BG Group, PLC v. Republic of Argentina
Headline: Arbitrators get primary authority to apply a treaty’s local-court waiting rule, and U.S. courts must defer to arbitrators’ interpretations, affecting foreign investors and host states in similar investor-state disputes.
Holding:
- Makes arbitrators, not courts, primarily decide treaty pre-arbitration timing rules.
- U.S. courts must review these arbitral rulings with deference, not fresh reexamination.

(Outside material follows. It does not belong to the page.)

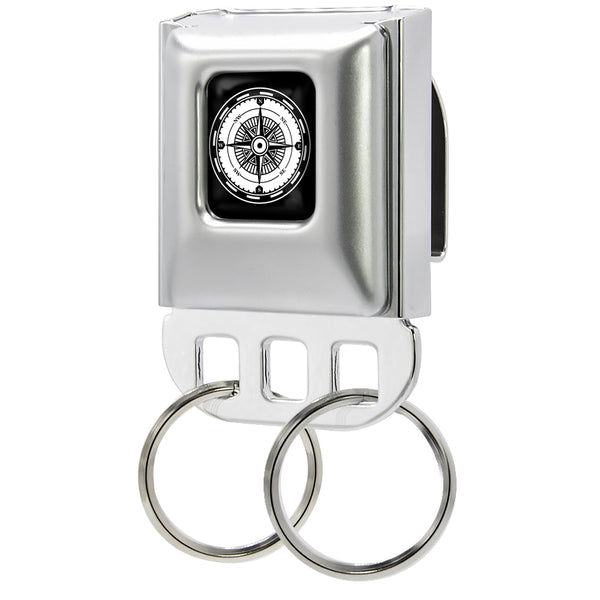 Buckle-Down Keyholder - Compass Face Full Color Black/White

- Leaves open whether 'condition of consent' wording changes court review
Summary
Background
BG Group, a British energy company, bought control of MetroGAS, an Argentine gas distributor created during privatization. Argentina changed tariffs from dollars to pesos during an economic crisis, turning profits into losses. BG Group invoked the U.K.-Argentina investment treaty’s Article 8 and sought arbitration in Washington, D.C. An arbitral panel excused BG Group’s failure to litigate first in Argentina, found a treaty violation of fair treatment, and awarded about $185 million; the Court of Appeals then reversed.
Reasoning
The core question was who should decide compliance with Article 8’s local-court requirement: a U.S. court or arbitrators. The Court held the provision is a procedural, claims-processing rule and, absent clear language showing the parties intended otherwise, such rules are presumptively for arbitrators to interpret. Because the Treaty did not treat the rule as an explicit "condition of consent," the Court required judicial deference to the arbitrators and reversed the appeals court.
Real world impact
This decision affects foreign investors and governments that rely on bilateral investment treaties. U.S. courts must generally defer to arbitrators when they interpret or excuse compliance with similar treaty pre-arbitration procedures, unless the treaty clearly shows parties intended otherwise. The ruling resolves the standard of review for such disputes in courts where the arbitration sits, but the Court left open whether treaties that explicitly call a rule a "condition of consent" should be treated differently.
Dissents or concurrances
Justice Sotomayor concurred in part, warning that a treaty’s explicit "consent" label might matter. Chief Justice Roberts, joined by Justice Kennedy, dissented, arguing the local litigation rule is a condition on consent and that courts should decide compliance and remand.